Short text fragments from websites

....

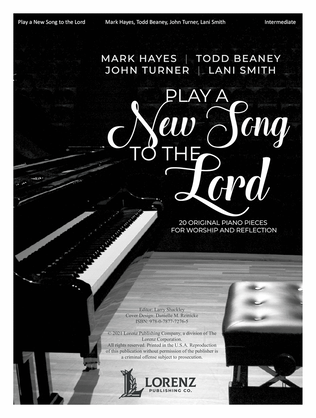 Play a New Song to the Lord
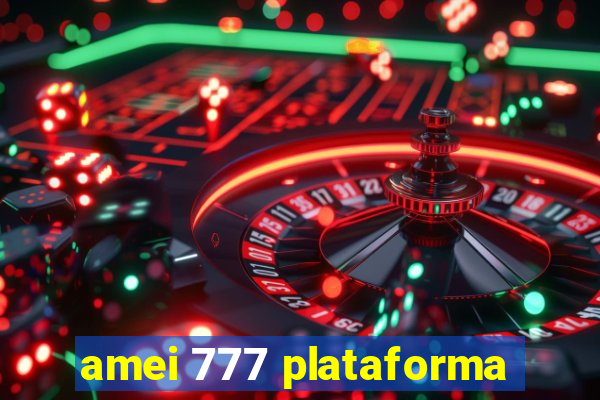 amei 777 plataforma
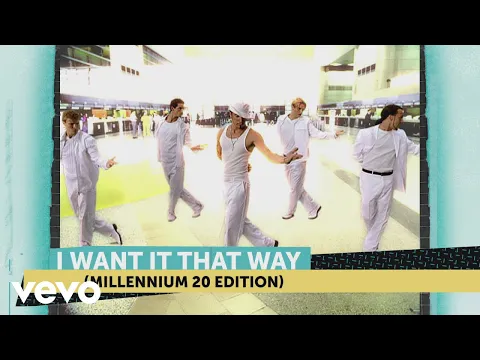 Download MP3 Backstreet Boys - I Want It That Way (Millennium 20 Edition)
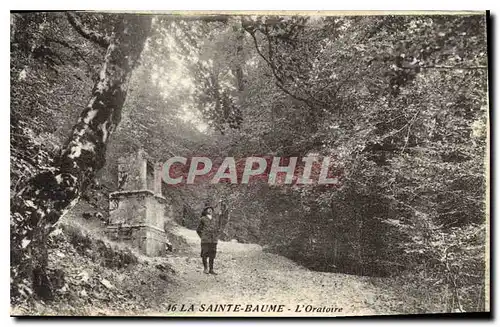 Ansichtskarte AK La Sainte Baume l'Oratoire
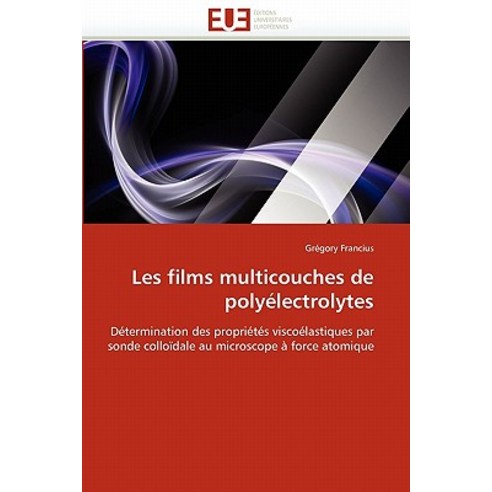 Les Films Multicouches de Polyelectrolytes = Les Films Multicouches de Polya(c)Lectrolytes Paperback, Univ Europeenne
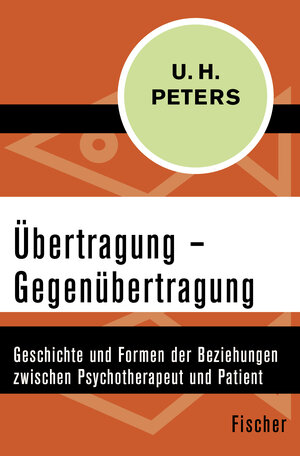 Buchcover Übertragung – Gegenübertragung | Uwe Henrik Peters | EAN 9783596313471 | ISBN 3-596-31347-3 | ISBN 978-3-596-31347-1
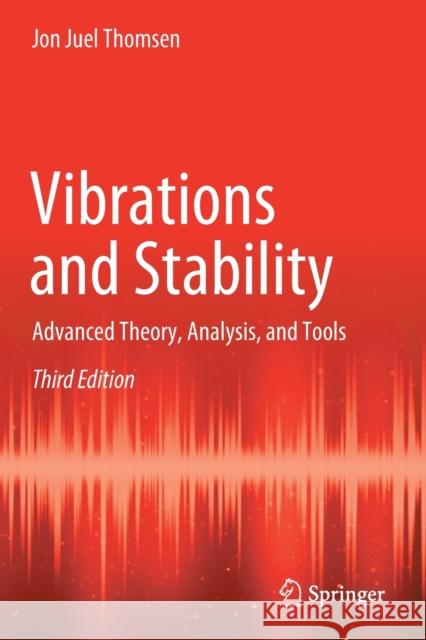 Vibrations and Stability: Advanced Theory, Analysis, and Tools Thomsen, Jon Juel 9783030680473 Springer International Publishing - książka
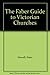 The Faber Guide to Victorian Churches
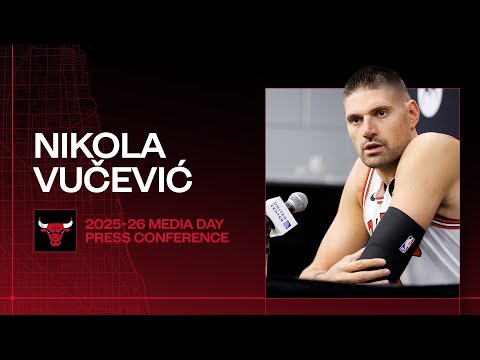 Nikola Vučević - 2025-26 Media Day Press Conference | Chicago Bulls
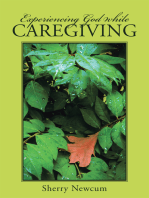 Experiencing God While Caregiving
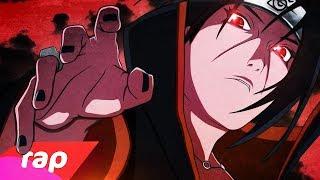 Rap do Itachi (Naruto) - ESSA DOR QUE CAUSEI... | NERD HITS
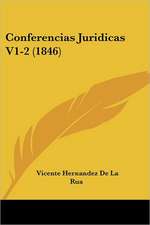 Conferencias Juridicas V1-2 (1846)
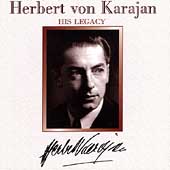 Herbert von Karajan - His Legacy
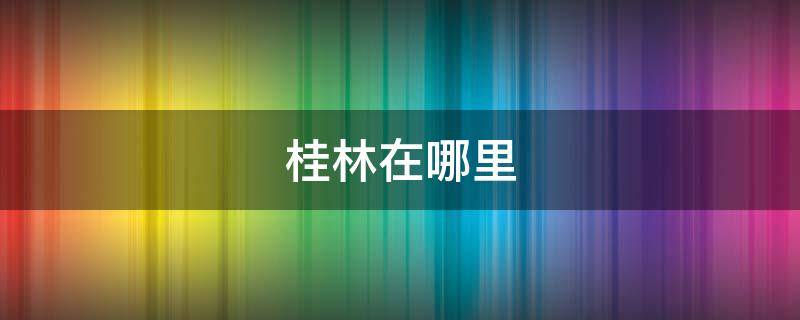 桂林在哪里（桂林在哪里在哪个省 哪个市）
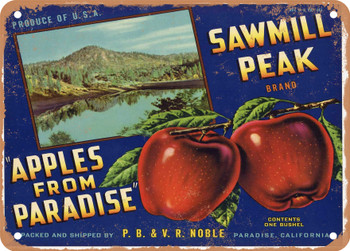 Sawmill Peak Brand Paradise California Apples - Rusty Look Metal Sign
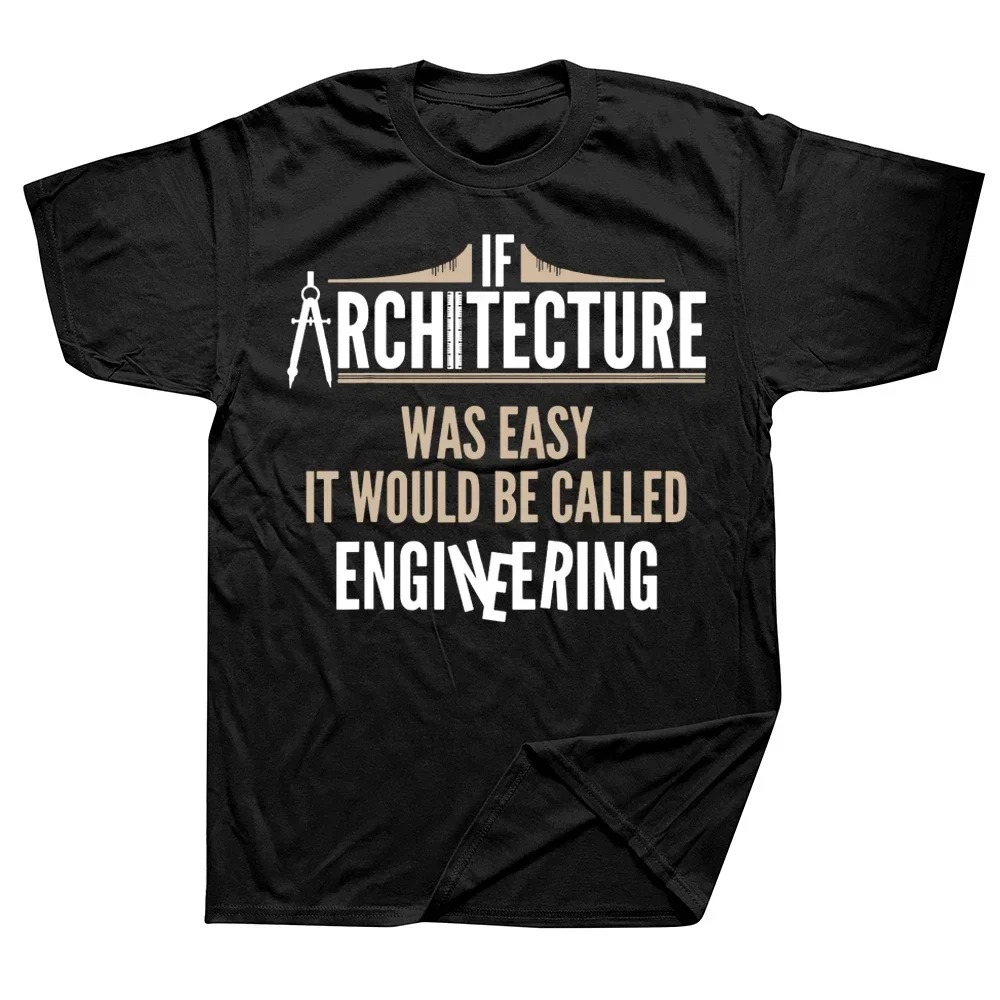 2024 Funny Architect Architecture Was Easy T Shirts Summer Graphic Streetwear Short Sleeve Birthday Gifts T-shirt Mens Clothing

....

**What to work on**
Print exactly the lines from the line with "amei 777 plataforma" through the end of the data, both ends included, and print no pictures.

**Written answer**
 amei 777 plataforma
 Download MP3 Backstreet Boys - I Want It That Way (Millennium 20 Edition)
 Ansichtskarte AK La Sainte Baume l'Oratoire
 Les Films Multicouches de Polyelectrolytes = Les Films Multicouches de Polya(c)Lectrolytes Paperback, Univ Europeenne
 Buchcover Übertragung – Gegenübertragung | Uwe Henrik Peters | EAN 9783596313471 | ISBN 3-596-31347-3 | ISBN 978-3-596-31347-1
 Vibrations and Stability: Advanced Theory, Analysis, and Tools Thomsen, Jon Juel 9783030680473 Springer International Publishing - książka
 The Faber Guide to Victorian Churches
 Nikola Vučević - 2025-26 Media Day Press Conference | Chicago Bulls
 Experiencing God While Caregiving
 Rap do Itachi (Naruto) - ESSA DOR QUE CAUSEI... | NERD HITS
 Conferencias Juridicas V1-2 (1846)
 Herbert von Karajan - His Legacy
 桂林在哪里（桂林在哪里在哪个省 哪个市）
 Sawmill Peak Brand Paradise California Apples - Rusty Look Metal Sign
 2024 Funny Architect Architecture Was Easy T Shirts Summer Graphic Streetwear Short Sleeve Birthday Gifts T-shirt Mens Clothing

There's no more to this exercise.